> [What to produce] In the records below, find the line that holds "New Brunswick Raiders Home Jersey". Restate it and every later line exactly, stopping at the end and skipping pictures.

Crawled caption data
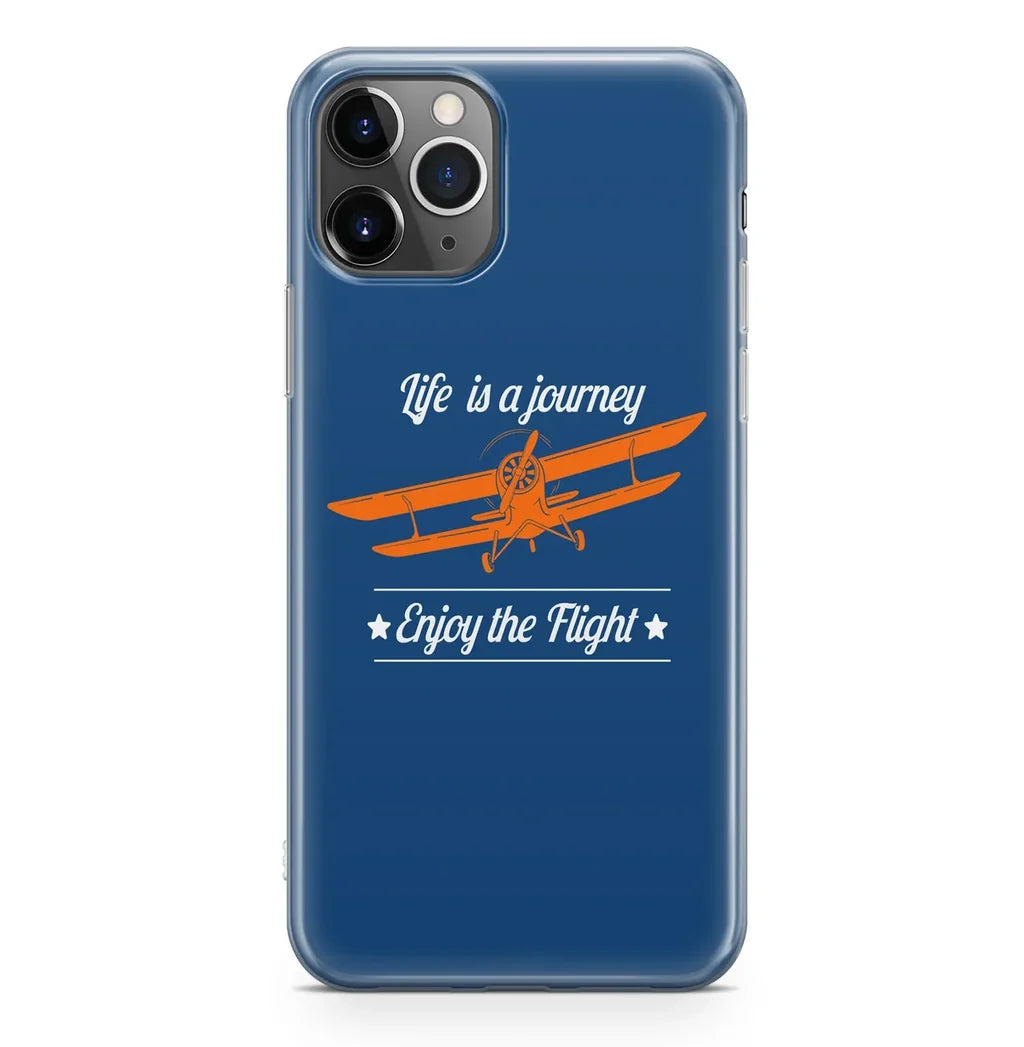 Life is a journey Enjoy iPhone Case - view 5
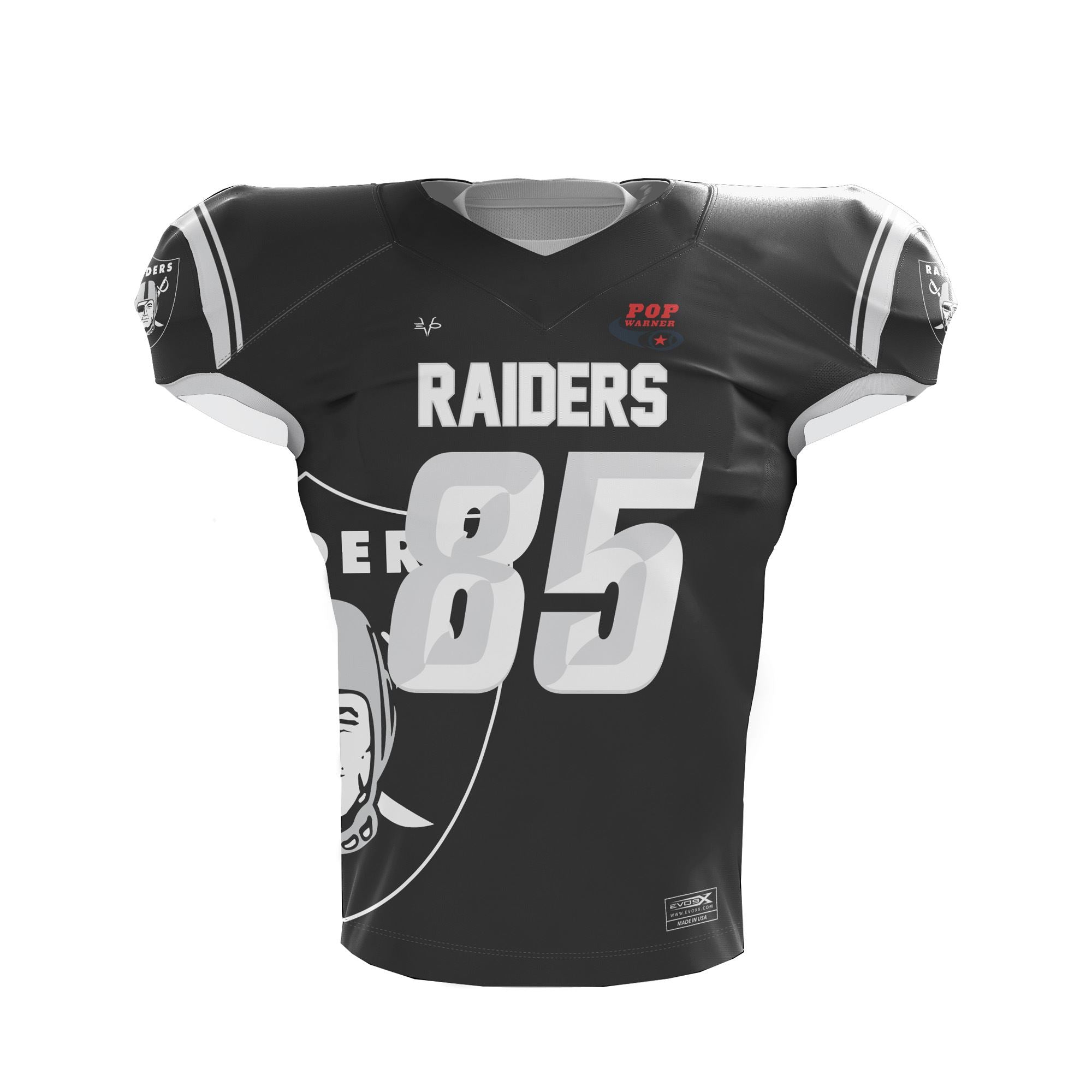 New Brunswick Raiders Home Jersey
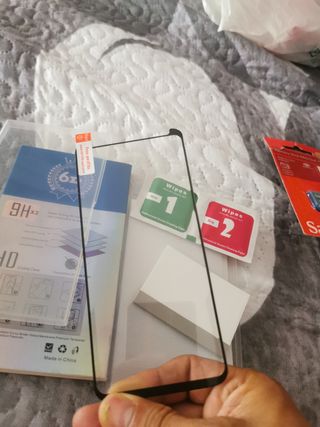 Cristal samsung S8 plus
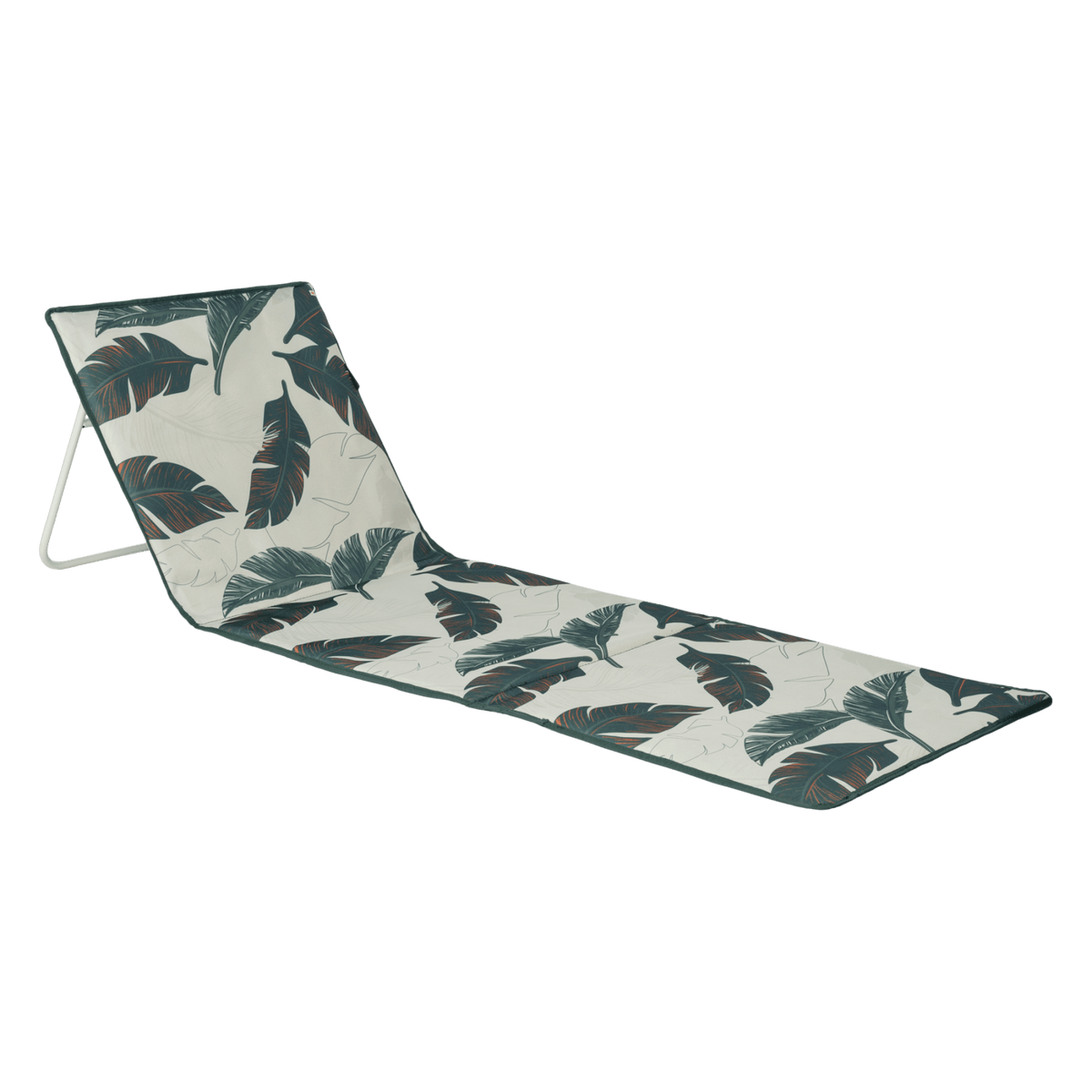 Montra rantamatto, valkoinen palmukuosi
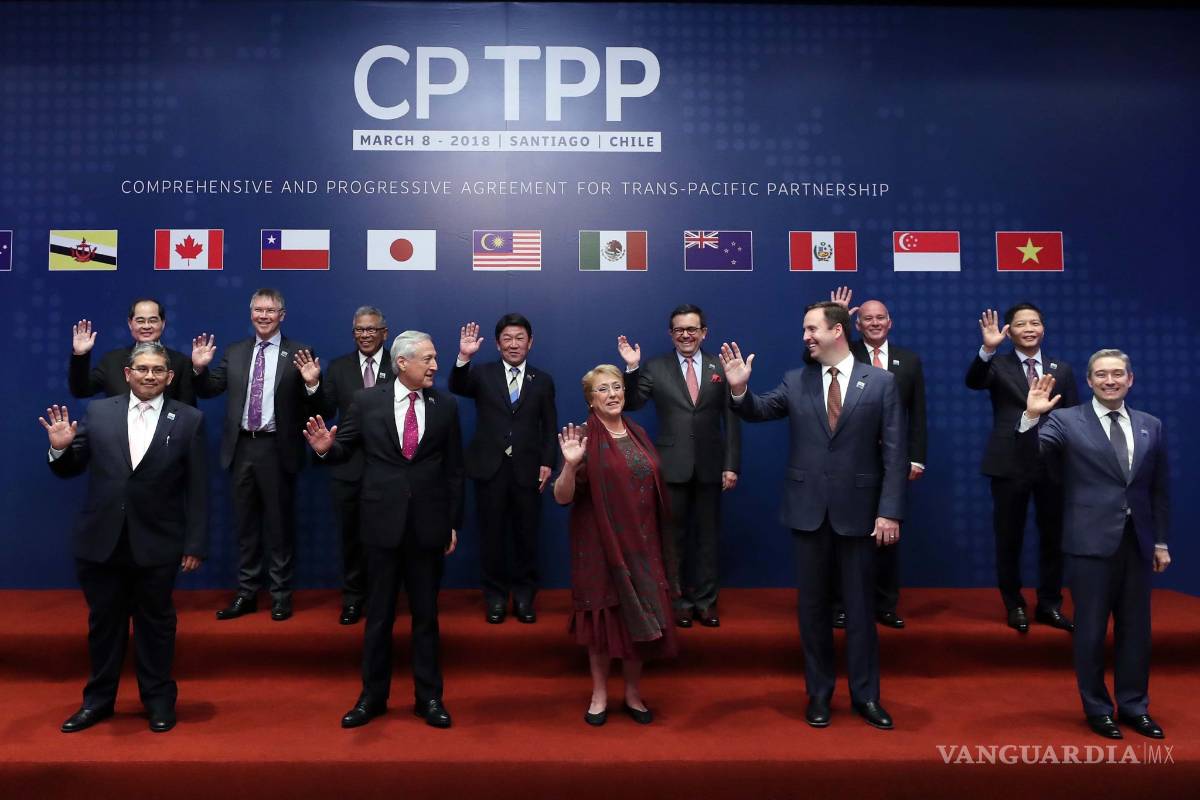México y 10 países firman nuevo TPP sin Estados Unidos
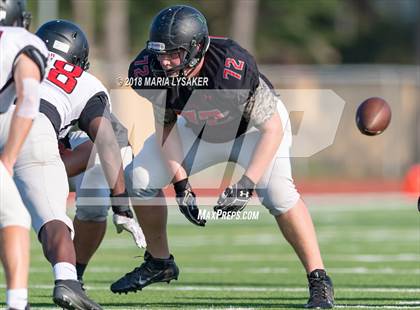 Thumbnail 1 in Langham Creek Spring Game (Black vs. White) photogallery.
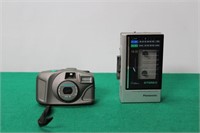 Panasonic Walkman /  Camera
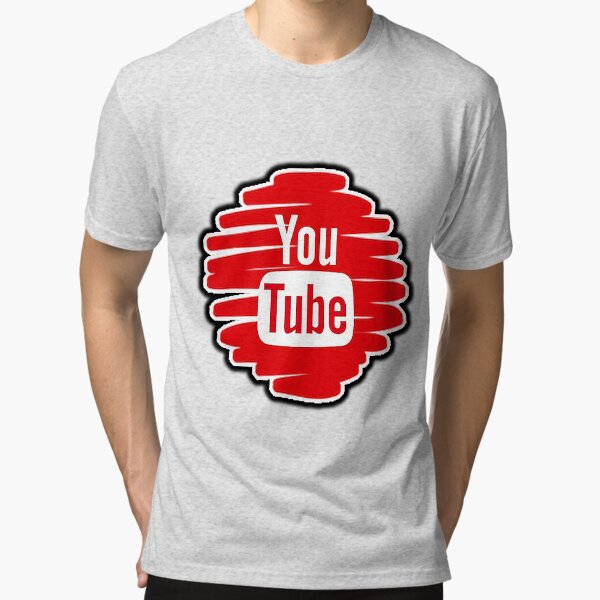 T shirt store youtube logo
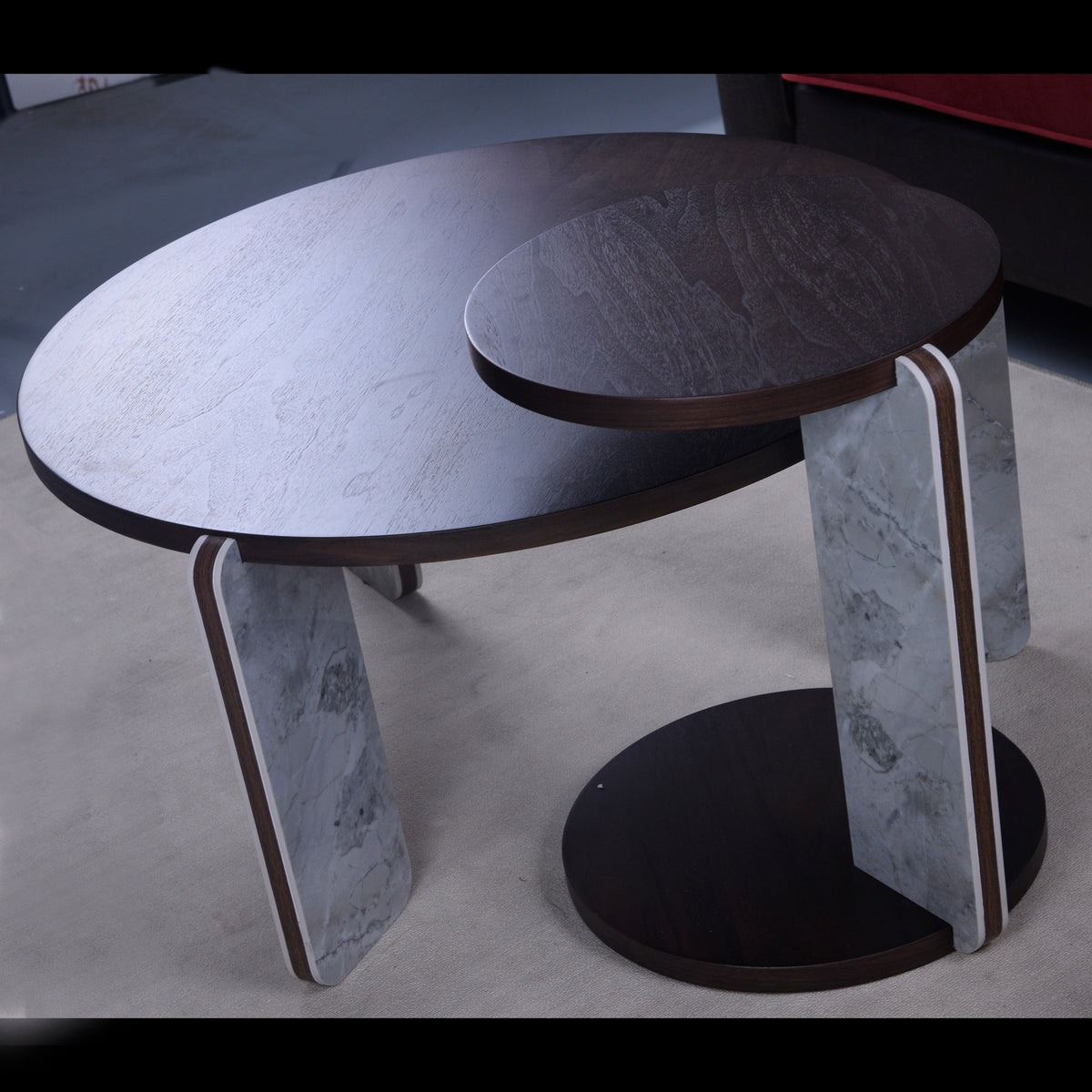 Modern Coffee Table with End Table Set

> [Answer section]
 New Brunswick Raiders Home Jersey
 Cristal samsung S8 plus
 Montra rantamatto, valkoinen palmukuosi
México y 10 países firman nuevo TPP sin Estados Unidos
 Thumbnail 1 in Langham Creek Spring Game (Black vs. White) photogallery.
 Panasonic Walkman /  Camera
 T shirt store youtube logo
 Modern Coffee Table with End Table Set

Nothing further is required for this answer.